Exercise aim ->
In the records below, find the line containing "Top 10 Most", then copy that line and all lines after it, exactly, omitting every picture.

Study material ->
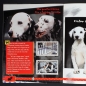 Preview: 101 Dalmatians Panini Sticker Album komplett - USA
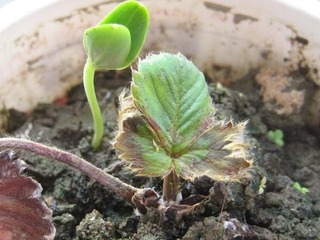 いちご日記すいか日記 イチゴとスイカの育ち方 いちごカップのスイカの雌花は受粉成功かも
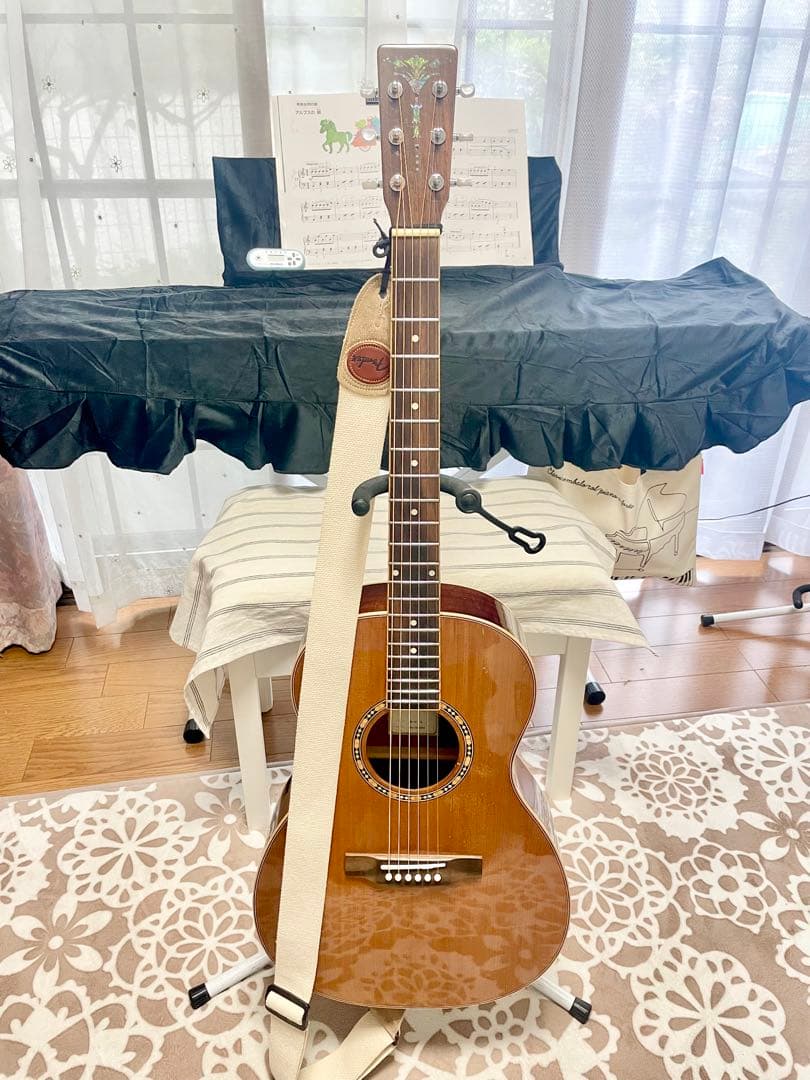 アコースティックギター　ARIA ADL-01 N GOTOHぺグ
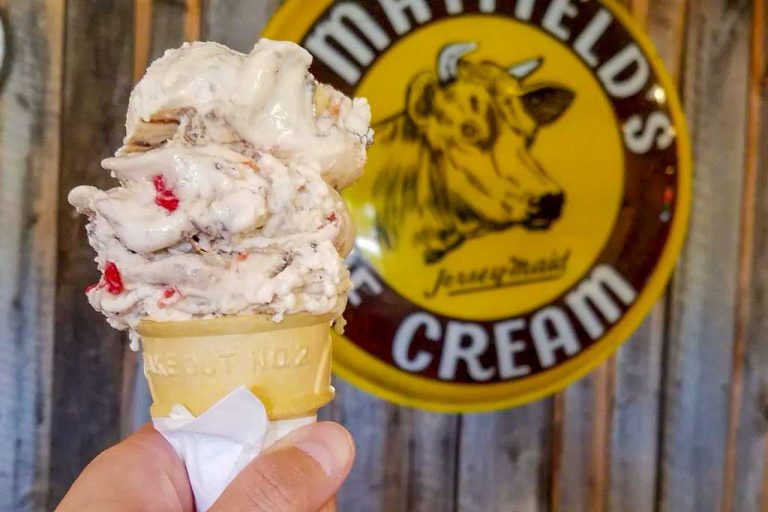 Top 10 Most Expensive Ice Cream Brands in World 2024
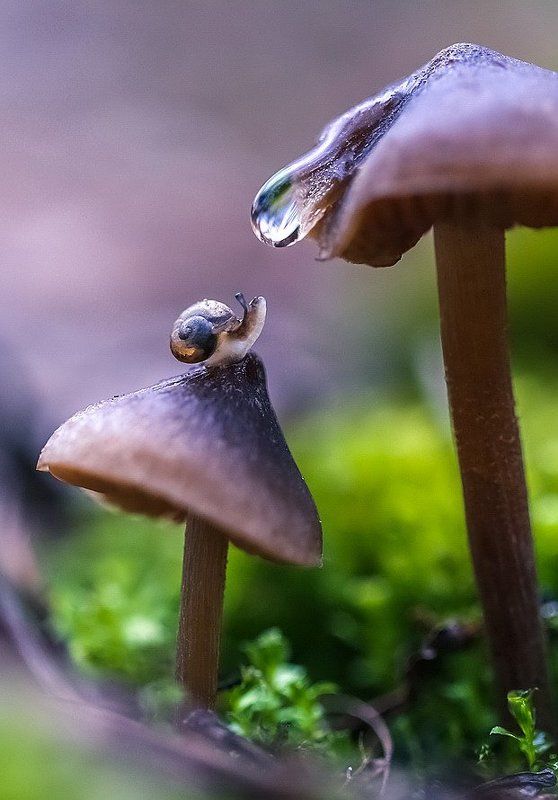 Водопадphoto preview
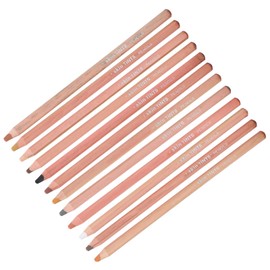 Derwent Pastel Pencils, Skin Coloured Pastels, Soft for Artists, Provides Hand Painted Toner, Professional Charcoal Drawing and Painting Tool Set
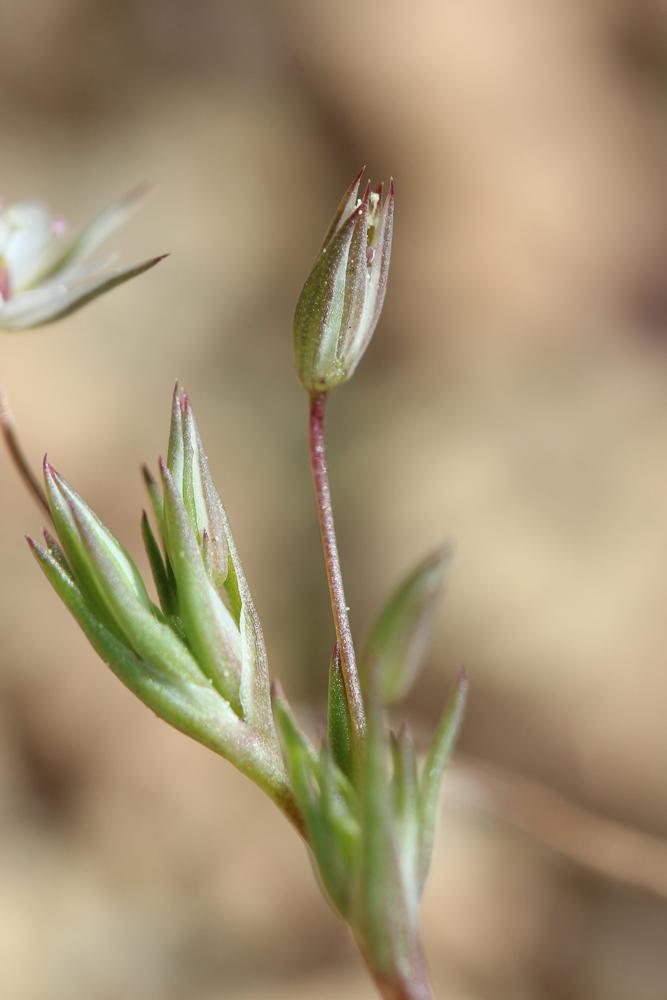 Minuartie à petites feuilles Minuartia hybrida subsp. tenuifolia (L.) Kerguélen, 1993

Output for this task ->
 Top 10 Most Expensive Ice Cream Brands in World 2024
 Водопадphoto preview
 Derwent Pastel Pencils, Skin Coloured Pastels, Soft for Artists, Provides Hand Painted Toner, Professional Charcoal Drawing and Painting Tool Set
 Minuartie à petites feuilles Minuartia hybrida subsp. tenuifolia (L.) Kerguélen, 1993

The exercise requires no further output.